Il serait peu dire que j'étais heureuse.

Je venais de me voir offrir l'univers sur un plateau, au sens propre comme au figuré. Si j'allais me lancer dans le trafic d'armes, j'aurais besoin d'une sécurité supplémentaire comme ce tissu pour rester en vie. Malheureusement, ce n'était pas comme si je pouvais juste le déposer chez la première couturière venue et faire confectionner les vêtements.

« Je suppose que vous ne connaissez personne de discret pouvant créer des vêtements pour moi avec ce tissu ? » demandai-je bien que connaissant déjà la réponse. C'était trop cher, trop important pour le confier à n'importe qui.

« Nous disposons d'un générateur de vêtements, également en provenance de la planète X86970, capable de manipuler le tissu pour en faire des vêtements. Il nécessite un outil de coupe spécifique et des aiguilles fabriquées à partir des griffes des zombies pour pouvoir créer des vêtements à partir du tissu. Seules 426 personnes possèdent les générateurs de vêtements nécessaires pour manipuler le tissu. »

« Et nous en faisons partie ? » Ça devient de mieux en mieux. Je tripotais le matériel léger et pensais à tout ce que je pourrais en faire.

« Nous en faisons partie, » dit Jun Li, cette fois avec un sourire dans la voix. « Je suppose que cela vous rend heureuse ? »

« Plus que vous ne le pensez, » avouai-je en soulevant soigneusement les rouleaux de tissu et en les remettant dans l'armoire. « Avez-vous des instructions sur la façon d'utiliser l'un de ces générateurs de vêtements ? »

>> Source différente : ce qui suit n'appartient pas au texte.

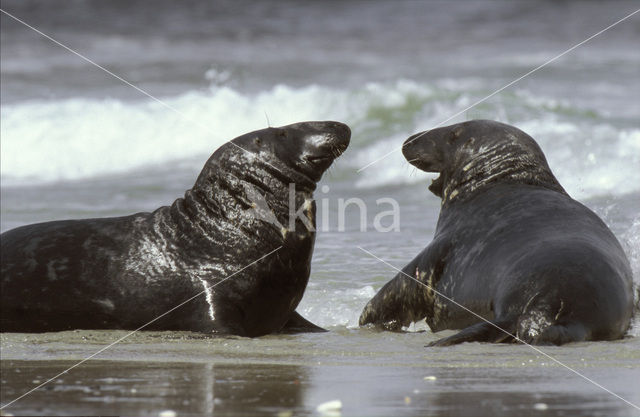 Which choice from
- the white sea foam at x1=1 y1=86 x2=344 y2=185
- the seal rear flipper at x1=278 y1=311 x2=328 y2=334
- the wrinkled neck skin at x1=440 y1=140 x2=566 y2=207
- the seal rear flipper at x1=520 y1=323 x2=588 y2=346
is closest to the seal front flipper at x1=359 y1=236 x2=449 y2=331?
the seal rear flipper at x1=278 y1=311 x2=328 y2=334

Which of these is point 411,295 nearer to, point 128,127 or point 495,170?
point 495,170

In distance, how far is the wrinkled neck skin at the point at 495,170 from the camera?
330 inches

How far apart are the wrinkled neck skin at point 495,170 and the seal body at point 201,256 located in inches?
46.0

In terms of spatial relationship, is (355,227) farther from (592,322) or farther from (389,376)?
(389,376)

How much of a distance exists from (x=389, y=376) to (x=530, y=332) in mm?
1262

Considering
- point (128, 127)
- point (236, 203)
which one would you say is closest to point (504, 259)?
point (236, 203)

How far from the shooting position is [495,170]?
848 centimetres

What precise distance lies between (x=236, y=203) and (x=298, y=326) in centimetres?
93

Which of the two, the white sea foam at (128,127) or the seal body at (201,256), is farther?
the white sea foam at (128,127)

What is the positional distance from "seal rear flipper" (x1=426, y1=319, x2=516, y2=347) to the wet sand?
109mm

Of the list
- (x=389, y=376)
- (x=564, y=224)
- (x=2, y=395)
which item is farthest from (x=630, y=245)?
(x=2, y=395)

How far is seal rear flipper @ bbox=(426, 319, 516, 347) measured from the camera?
6367 mm

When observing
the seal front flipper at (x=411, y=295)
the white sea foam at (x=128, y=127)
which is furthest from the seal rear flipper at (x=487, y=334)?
the white sea foam at (x=128, y=127)

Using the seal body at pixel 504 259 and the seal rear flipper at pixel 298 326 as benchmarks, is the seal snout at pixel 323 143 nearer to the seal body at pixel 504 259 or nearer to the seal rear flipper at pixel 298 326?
the seal body at pixel 504 259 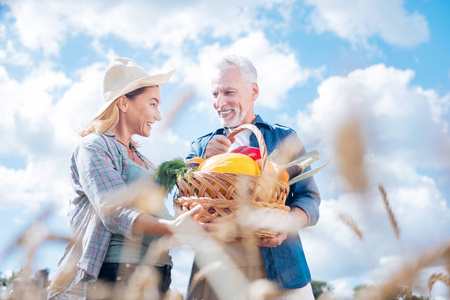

« Oui, » dit-il avant de marquer une pause. « Et je viens de télécharger le programme sur votre tablette. Vous devez concevoir vos propres vêtements et entrer vos mesures et le générateur sera capable de faire le reste. »

Maintenant, je savais ce que j'allais faire pendant le reste de notre voyage vers la Terre ; construire une garde-robe de vêtements à l'épreuve des balles, apprendre une nouvelle langue ou cinq, et commencer à établir des contacts plutôt louches.

Hé, tout le monde doit commencer quelque part. Moi, j'ai une IA invincible prête à m'aider.